5) Investing Outside the Box
There comes a time in every good IT group’s life when equipment has to be replaced. “You can delay the replacement on some of the components of your IT infrastructure,” Khan admits. “But there will always be pieces that need to be replaced because they’re at the end of their lifecycle.”
At Rice, Khan and his team are adopting a number of methods to reduce their tech refresh spending while keeping their institution at the forefront of innovation. For example, an analysis of each IT component’s impact on the university, based on its effect on the campus infrastructure as a whole, allows them to implement a risk-based IT replacement plan.
Virtualization is also part of Khan’s plan to make wise investments in technology equipment. “We’ve been virtualizing a lot of our servers and installing blades in our data centers,” he reports. “That’s helped us in terms of more utilization of a server because we can run more applications and utilize the CPU and the memory on that server, rather than have two or three servers sitting idle. Not only does it provide you with more efficiency in terms of equipment, but it also provides you with more space in the data center and it helps with the power consumption as well.”
Hartman has been making the same calculations at UCF. “Instead of having one computer for each service that it runs, you might virtualize and have 15, 20, 30 services or virtual machines running on a single box, which would consume less space and less energy, have less capital costs, and less capital maintenance renewal.”
Both Hartman and Khan note that consolidation also helps achieve equipment cost efficiencies. Hartman says that “many institutions are either, by encouragement or by incentive, getting the distributed IT folks on campus to bring their applications and servers into a central hosting facility or data center as a way of saving space, saving dollars, and reducing energy costs.”
At Rice, large projects geared toward integration and interoperability across campus have helped Khan and his team pinpoint areas where duplication exists. For those areas on campus with similar computing needs, standardization and volume purchasing have the potential to greatly reduce costs and increase efficiency.
“In times like this,” notes Khan, “if you try to understand your institution’s workflow better, and try to understand what each department’s goals are, you’ll end up seeing a lot of connections, and those connections start discussions, and then people start to think about how we can incorporate innovation while eliminating inefficiency in the process.”
Those cross-institutional discussions are critical beyond identifying efficiencies. “Determining the direction of the tech budget is not just an IT conversation,” insists Excelsior’s Brown. “As CIOs, it’s our job to make sure [people across] the rest of the institution have the information that they need, and to use the technology governance to figure out what the priorities of the departments throughout the university are.
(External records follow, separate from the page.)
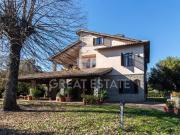 Rustico / Casale in vendita a Porano TR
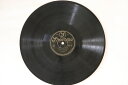 【中古】78RPM/SP 松竹合唱団 勇敢なる水兵 / 婦人従軍歌 S288 SHOCHIKU /00500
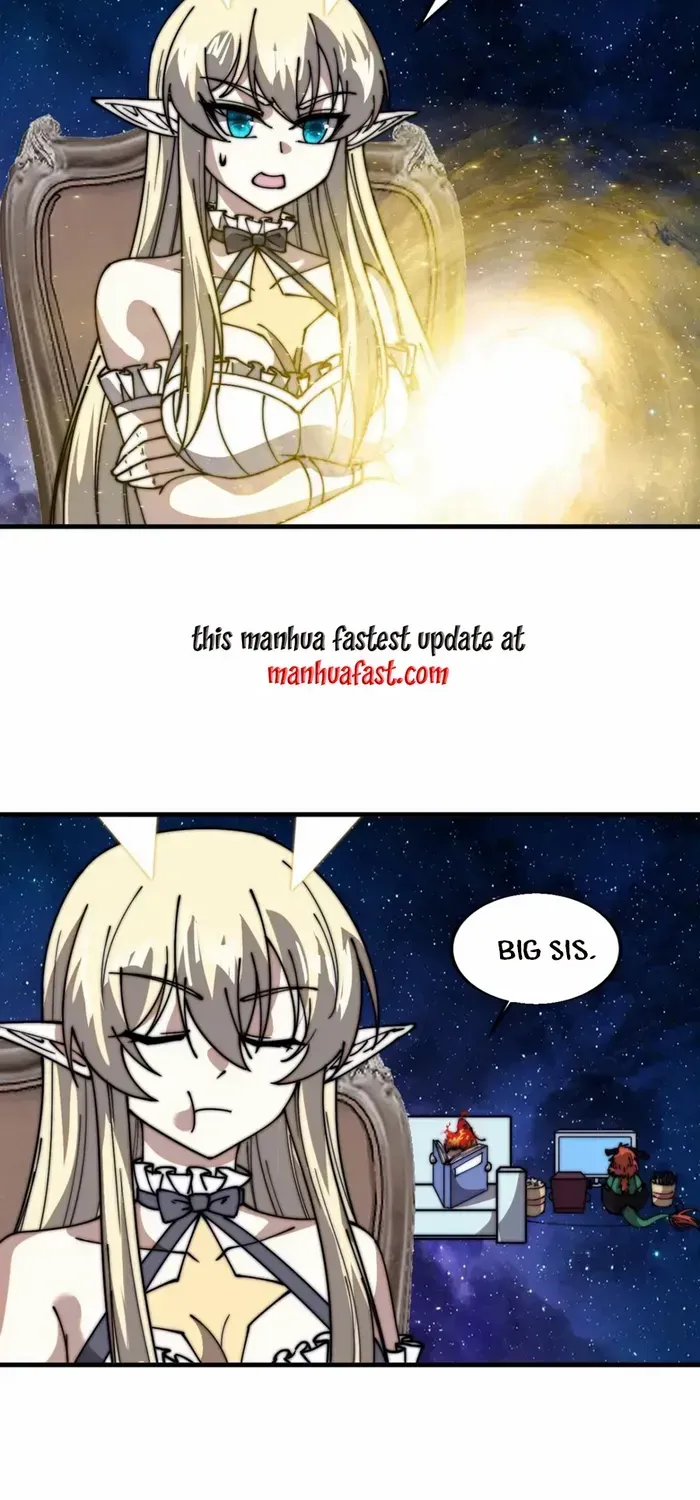 Read Start A Mountain chapter 711 image 15 on Lezhin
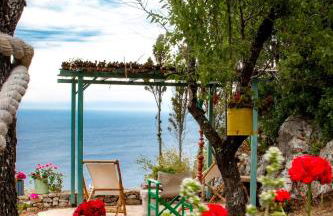 ELEONAS Othoni - Foto 14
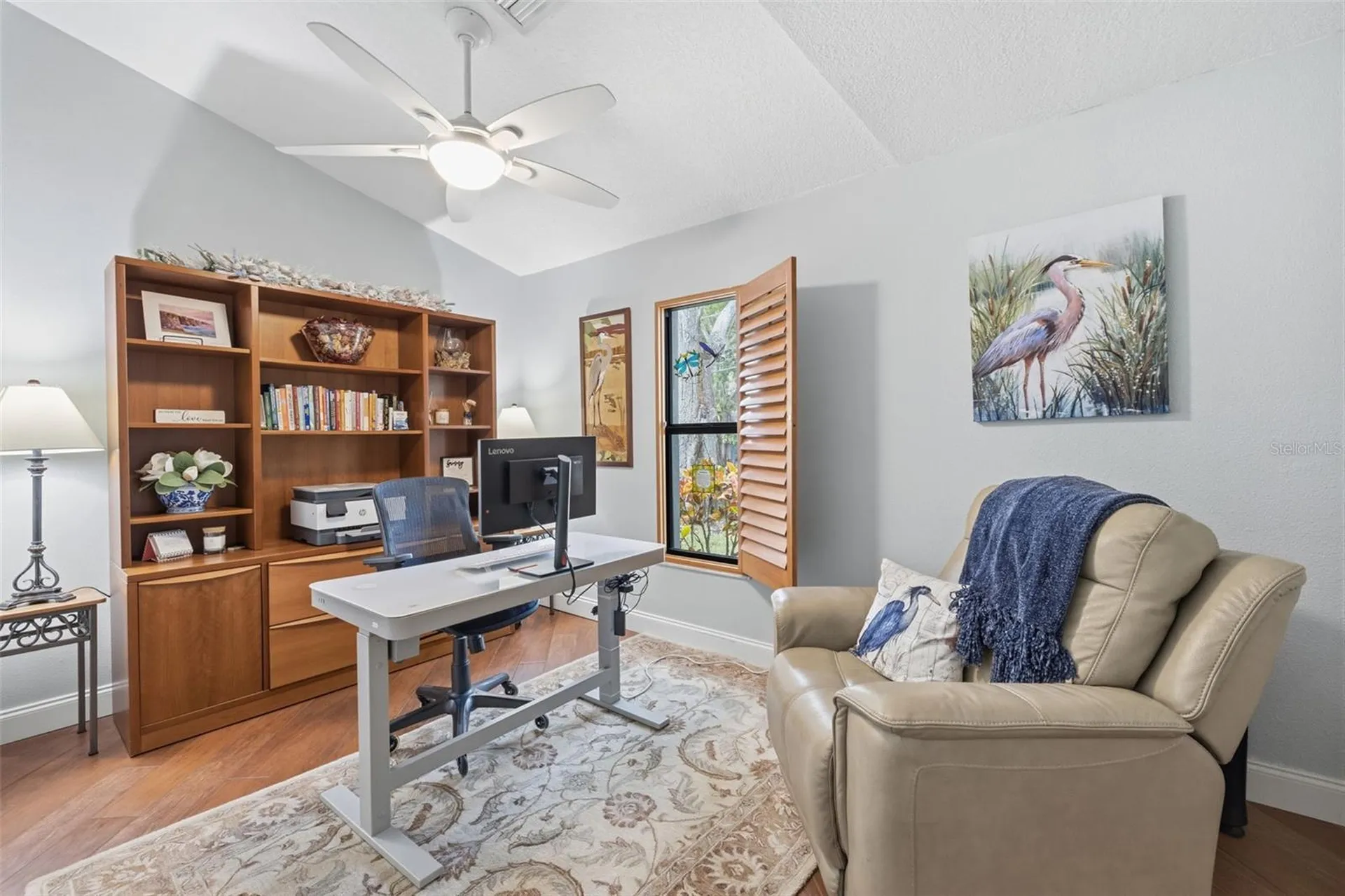 176 Maple Avenue Palm Harbor FL 34684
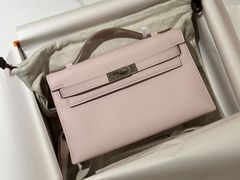 -奢收多·二手奢侈品回收中心(天河店)
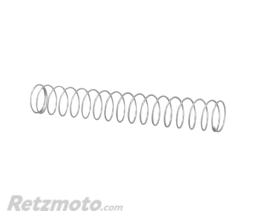 KEIHIN Ressort de boisseau carburateur keihin PWK 28 (1290 - 921 - 2000) - keihin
Higher ed institutions are structured through committees, and having the input of those committees—so it isn’t just IT making these decisions—is incredibly important.”
IT cannot stand alone anymore (if it ever did), agrees UCF’s Hartman, because technology is now so completely insinuated into the fabric of the university. “Even though budgets are going down substantially, demand [for technology] is still increasing. It’s increasing because of institutional growth. It’s increasing because people need to use technology to become more efficient in this economic environment. And, it’s increasing,” he adds, “because institutions are finding more ways that technology plays a role in higher education.”